First, we plan to create a US maps, with states different colors representing different income levels.
Run below code to import the geodata file “us-states.json”, and store the geo-data in the variable “states_geodata’
# *
states_geodata <- geojsonio::geojson_read("us-states.json", what = "sp")
## Error in loadNamespace(x): there is no package called 'geojsonio'
If R gives the error: File does not exist. You need to set the working directory to the folder where contains the “us-states.json” file.
If R gives the error on “cannot find package named ‘geojsonio’”, it’s because you have not installed it yet. Try to install it now.
Then, we create a variable “income_map” as the media containing the income level map
# *
income_map <- leaflet(states_geodata) %>% #attach geodata to the
setView(-96, 37.8, 4) %>% #set the mapview range to US
addTiles()
## Error in structure(list(options = options), leafletData = data): object 'states_geodata' not found
income_map #show the map
## Error in eval(expr, envir, enclos): object 'income_map' not found
If R cannot recognize “%>%”, it’s because you forget to include the “magrittr” library for this script. Go to the beginning of the R script and run the code “{library(magrittr)}”

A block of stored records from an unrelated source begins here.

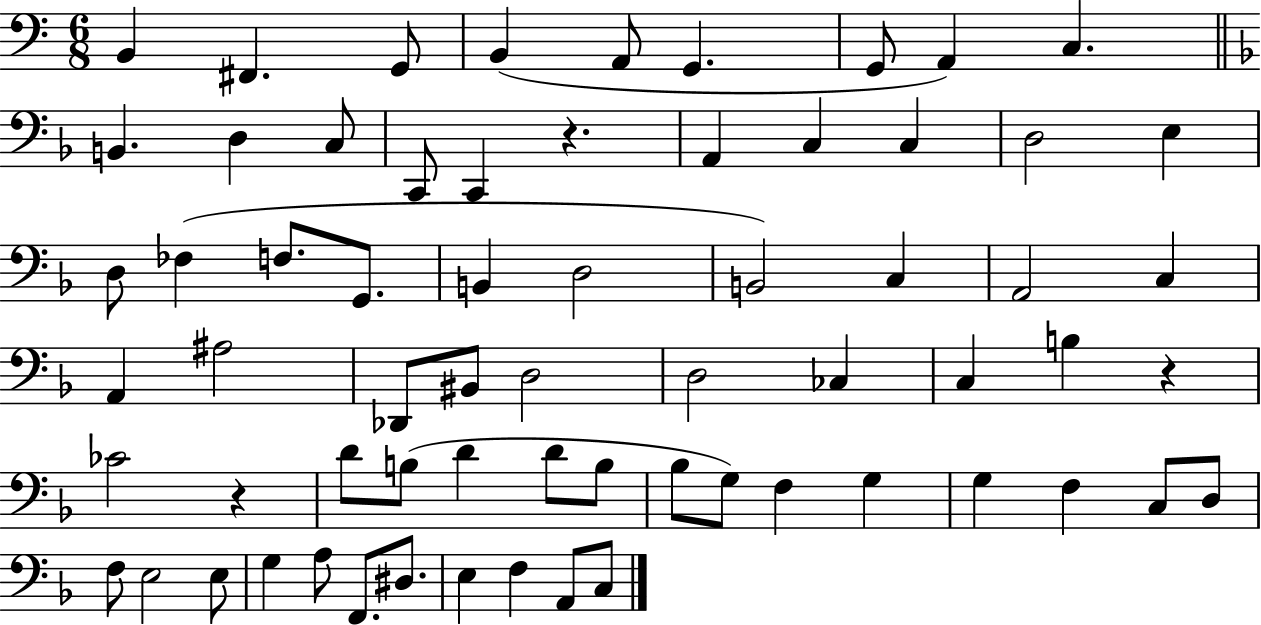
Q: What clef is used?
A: bass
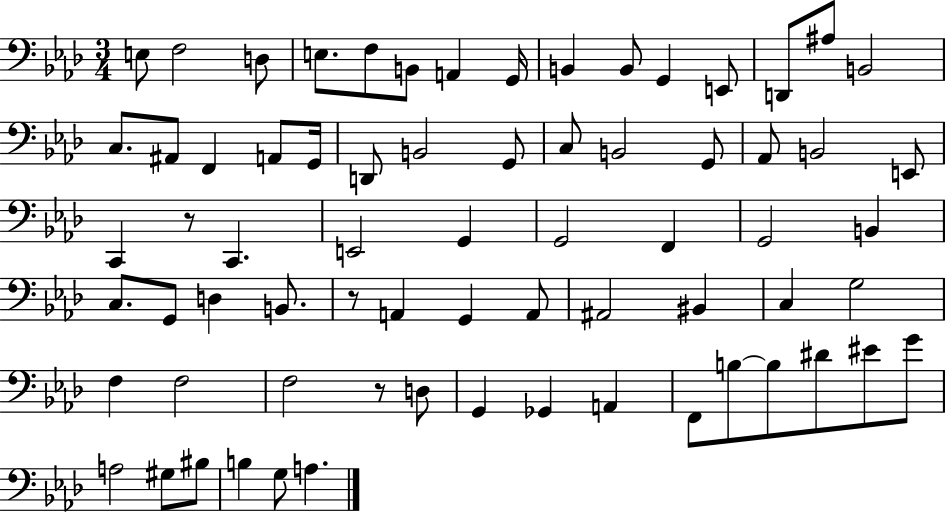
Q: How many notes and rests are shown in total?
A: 70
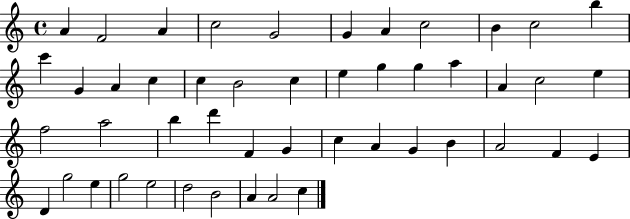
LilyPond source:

{
  \clef treble
  \time 4/4
  \defaultTimeSignature
  \key c \major
  a'4 f'2 a'4 | c''2 g'2 | g'4 a'4 c''2 | b'4 c''2 b''4 | \break c'''4 g'4 a'4 c''4 | c''4 b'2 c''4 | e''4 g''4 g''4 a''4 | a'4 c''2 e''4 | \break f''2 a''2 | b''4 d'''4 f'4 g'4 | c''4 a'4 g'4 b'4 | a'2 f'4 e'4 | \break d'4 g''2 e''4 | g''2 e''2 | d''2 b'2 | a'4 a'2 c''4 | \break \bar "|."
}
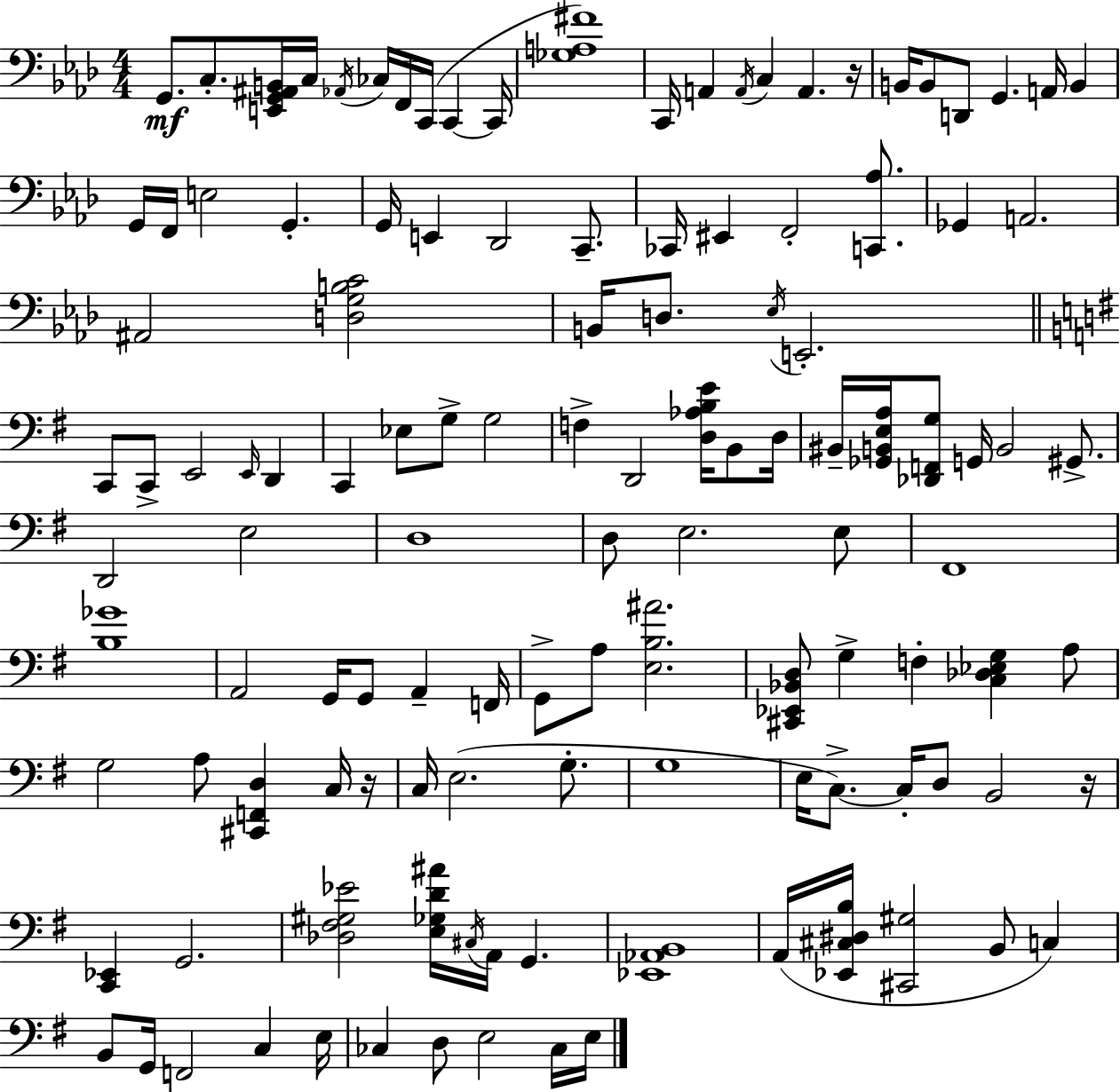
{
  \clef bass
  \numericTimeSignature
  \time 4/4
  \key aes \major
  g,8.\mf c8.-. <e, g, ais, b,>16 c16 \acciaccatura { aes,16 } ces16 f,16 c,16( c,4~~ | c,16 <ges a fis'>1) | c,16 a,4 \acciaccatura { a,16 } c4 a,4. | r16 b,16 b,8 d,8 g,4. a,16 b,4 | \break g,16 f,16 e2 g,4.-. | g,16 e,4 des,2 c,8.-- | ces,16 eis,4 f,2-. <c, aes>8. | ges,4 a,2. | \break ais,2 <d g b c'>2 | b,16 d8. \acciaccatura { ees16 } e,2.-. | \bar "||" \break \key g \major c,8 c,8-> e,2 \grace { e,16 } d,4 | c,4 ees8 g8-> g2 | f4-> d,2 <d aes b e'>16 b,8 | d16 bis,16-- <ges, b, e a>16 <des, f, g>8 g,16 b,2 gis,8.-> | \break d,2 e2 | d1 | d8 e2. e8 | fis,1 | \break <b ges'>1 | a,2 g,16 g,8 a,4-- | f,16 g,8-> a8 <e b ais'>2. | <cis, ees, bes, d>8 g4-> f4-. <c des ees g>4 a8 | \break g2 a8 <cis, f, d>4 c16 | r16 c16 e2.( g8.-. | g1 | e16 c8.->~~) c16-. d8 b,2 | \break r16 <c, ees,>4 g,2. | <des fis gis ees'>2 <e ges d' ais'>16 \acciaccatura { cis16 } a,16 g,4. | <ees, aes, b,>1 | a,16( <ees, cis dis b>16 <cis, gis>2 b,8 c4) | \break b,8 g,16 f,2 c4 | e16 ces4 d8 e2 | ces16 e16 \bar "|."
}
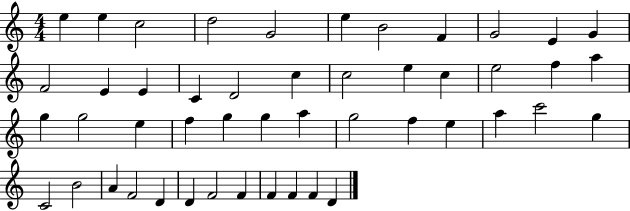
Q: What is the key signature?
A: C major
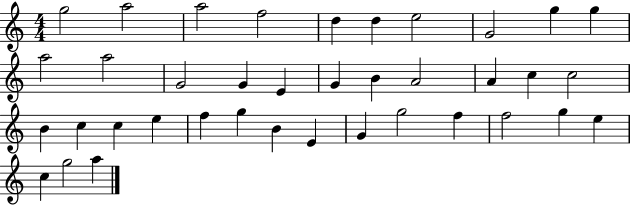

By far you should only see a map of US without any other information, because we have not attached any social economical data to it.
Before we attach the income data, we first need to classify them. The average income for each state is a unique number. So without classification, each state will have a unique color on the map, making the map messy. To make the map readable, we need to make it with less classes, say 8.
There are many ways to make the classification. Here, we use percentile. We will use the function {quantile()} to classify “Average_Income” column of US_data
Then, let’s look at the function {quantile()}.
{quantile(x,probs)} may take two arguments. {x} stands for the data yet to be classified. {probs} is a vector containing the pre-set percentiles.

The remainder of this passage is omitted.